Neither Cribbs nor Burrell would specify what they objected to in the contract Cribbs signed last June, when his agent was Jerry Argovitz, who relinquished Cribbs as a client after becoming an owner of the USFL's Houston Gamblers. But Cribbs says, "The contract is not what I thought it was when I signed it. There are serious dangers in it that I wasn't aware of."

The problem may lie in that $2 million-plus pie in the sky that Cribbs saw when he signed last June, and which shrinks a bit under close scrutiny. Although Sklar says the Stallions made Cribbs a wealthy man, that depends on what "wealthy" means. Cribbs's basic salary is $250,000 a season for the next five years, with only the first three guaranteed. He also is to earn deferred salary over those five seasons, a total of $550,000 (although only $100,000 of that is guaranteed—and payments to Cribbs don't begin until 1989). The contract also specified a signing bonus of $650,000—$200,000 was paid in 1983 and the remainder is to be spread over five years, beginning in 1986. And he is to receive a $350,000 interest-free loan, in payments spread over three years beginning in 1984.

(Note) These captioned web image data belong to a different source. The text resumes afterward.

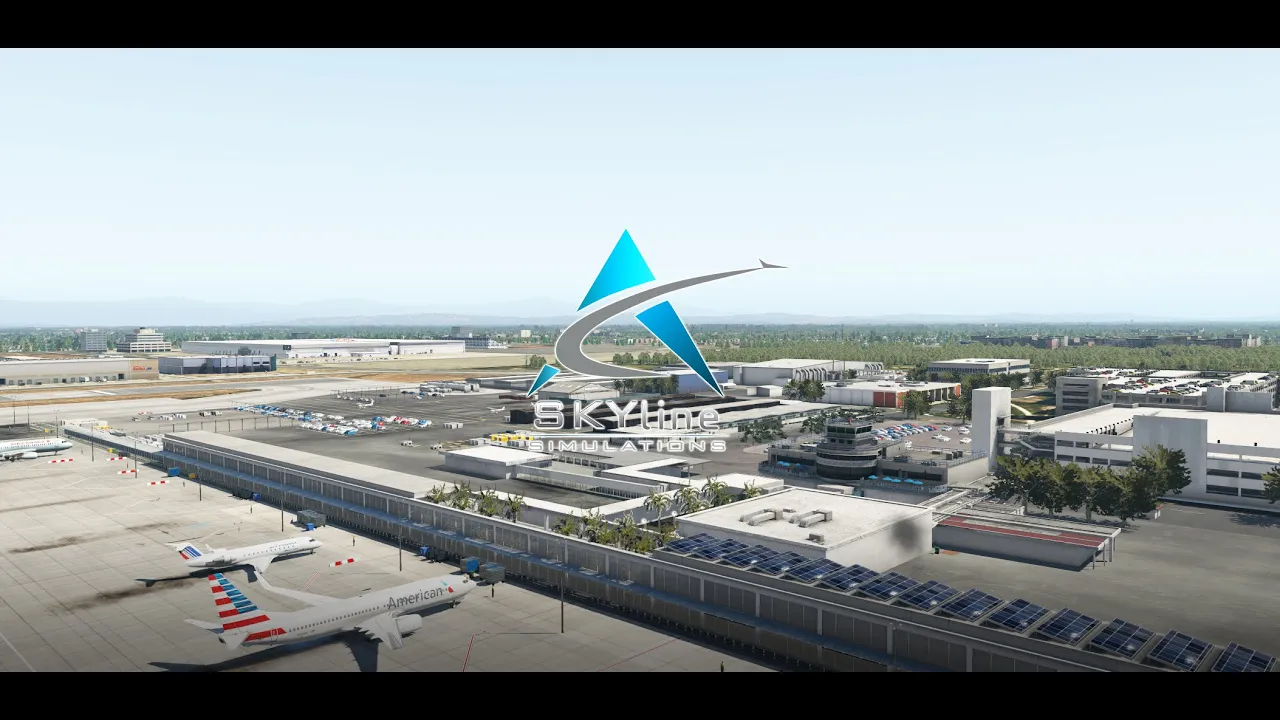 Long Beach Plane Spotting | Delta Airlines Return and More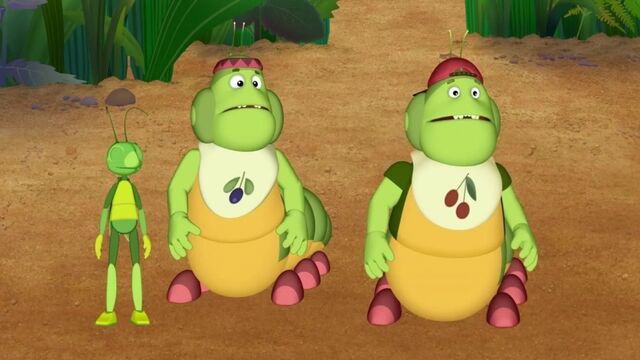 HD порно 139794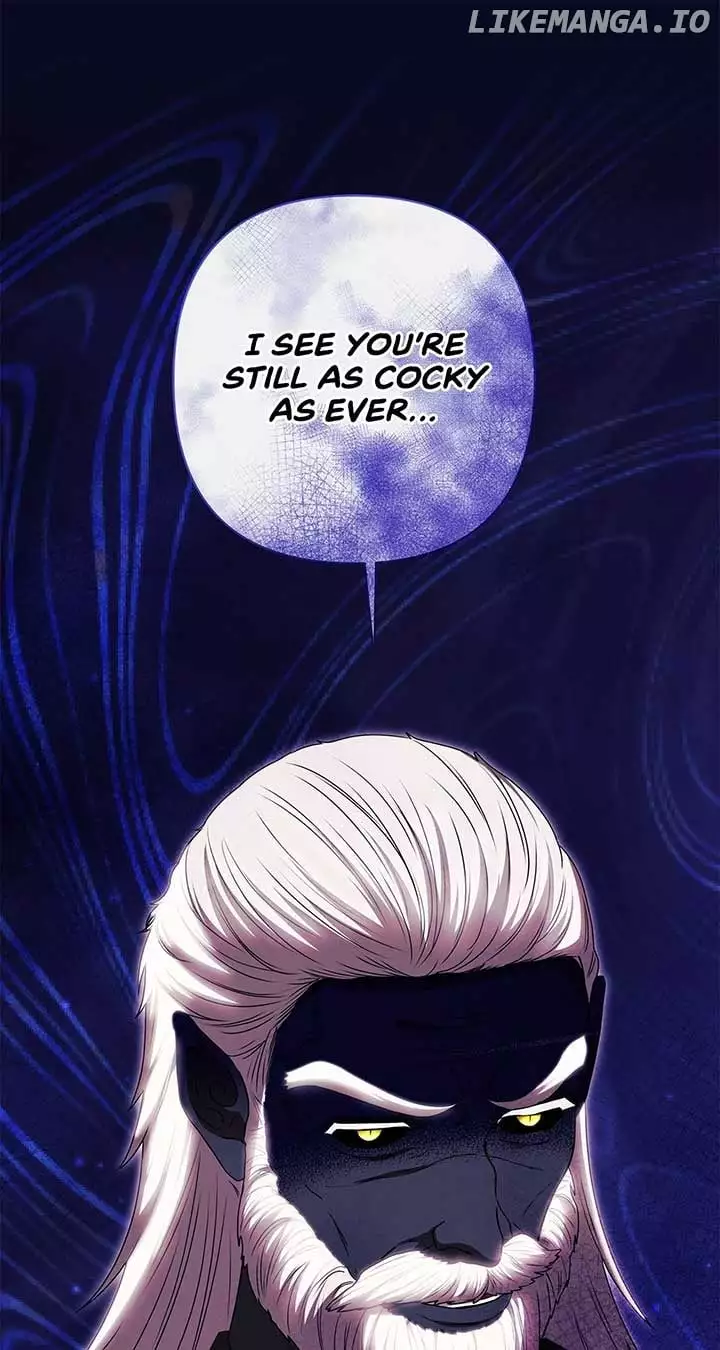 Manga page 75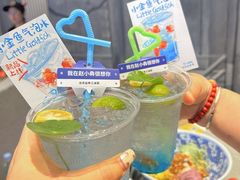 -赵小犇·江湖川菜馆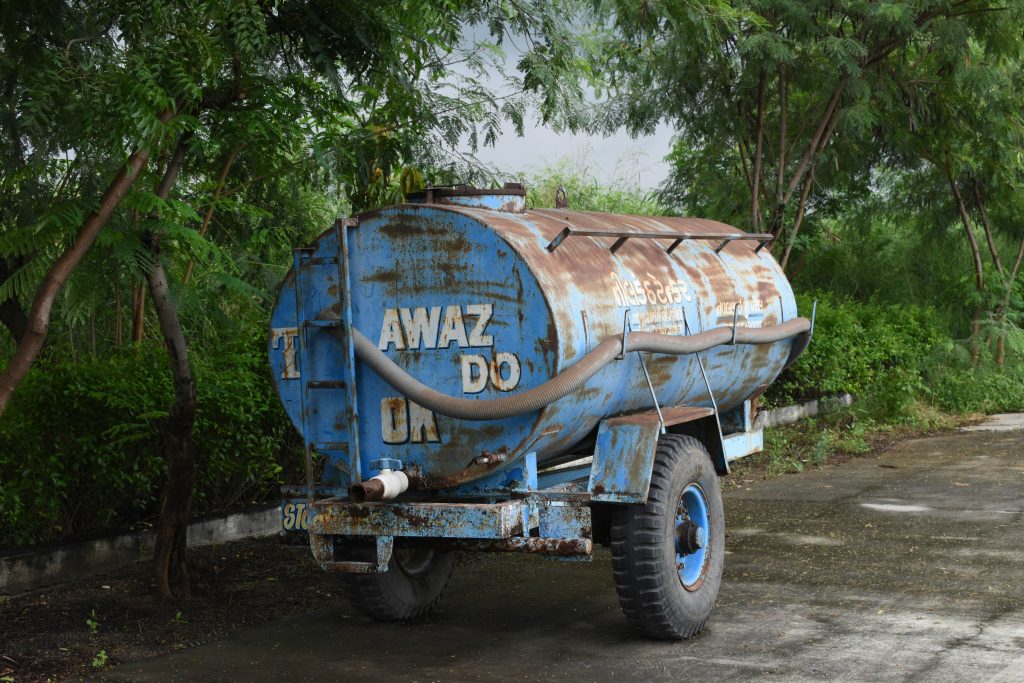 septic-tank-cost-in-australia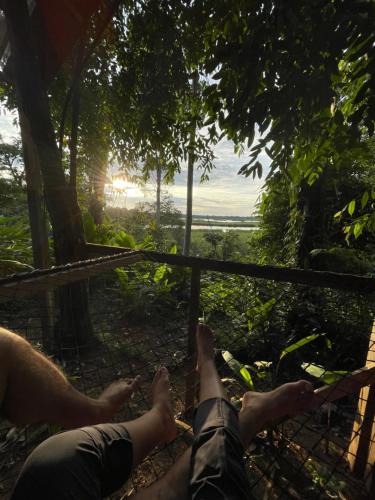 Konsenda Bocas del Toro in Bocas Del Toro, Panama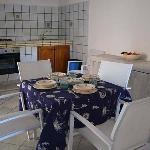 Lovely Holiday Apartment trilocale Con Vista Mare Pt51 With Terrace Sea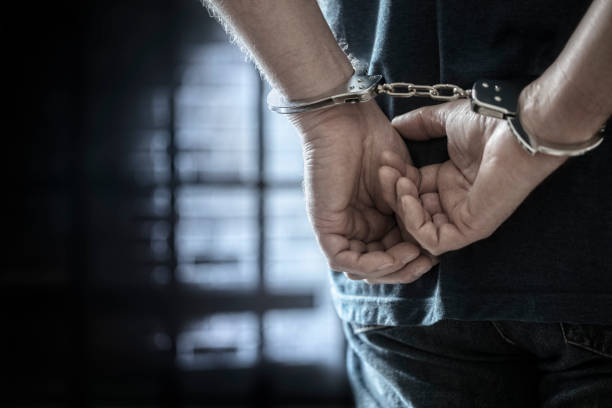 До 16 лет лишения свободы: в Слуцке огласили приговор по делу о «спортиках»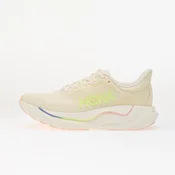 Hoka ARAHI 9 W, ženske patike za trcanje, bež 1176570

On the other side of the ledger, Cribbs was obliged to pay Argovitz a $75,000 fee in 1983 (presumably out of the $200,000 he received from the Stallions), plus $25,000 in 1984 and 1985; and he begins paying back the loan in 1986, with a $30,000 payment that year and annual $80,000 payments each of the following four years.

Assume that Cribbs continues to play for Birmingham under his present contract. In addition to the $125,000 he got last year ($200,000, minus $75,000 to Argovitz), his cash income for 1984, 1985 and 1986 will average about $355,000 a year, a nice bundle but nothing extraordinary as athletes' salaries go these days. His guaranteed salary ends after the 1986 season. At that point the Stallions will still owe him $500,000 in bonus money and deferred guaranteed salary, but Cribbs will still owe them $320,000 on his interest-free loan. Net income to him: $180,000, spread out ($20,000 in 1987, $20,000 in 1988, $120,000 in 1989 and $20,000 in 1990).

If Cribbs is still a fine, capable player in 1987, he can go on to earn a lot more money. If he's not, about all he'll have left is piecrust.

At a Masters indoor track meet in Princeton, N.J. earlier this spring, the chairman of the TAC Masters track and field committee, Jerry Alan Donley, was pleased and gratified to hear a small boy who was standing near the pole-vault runway chant, "Make it! Make it!" each time a vaulter raced down the runway. Young, interested fans bode well for any sport, and Donley was moved to comment approvingly to the boy's father on his offspring's enthusiasm. The father replied, "Well, I wish that was what he was saying. Actually, at his first meet several years ago, he thought it was really exciting when one of the vaulters broke his pole, and what my son is really saying is, 'Break it! Break it!' "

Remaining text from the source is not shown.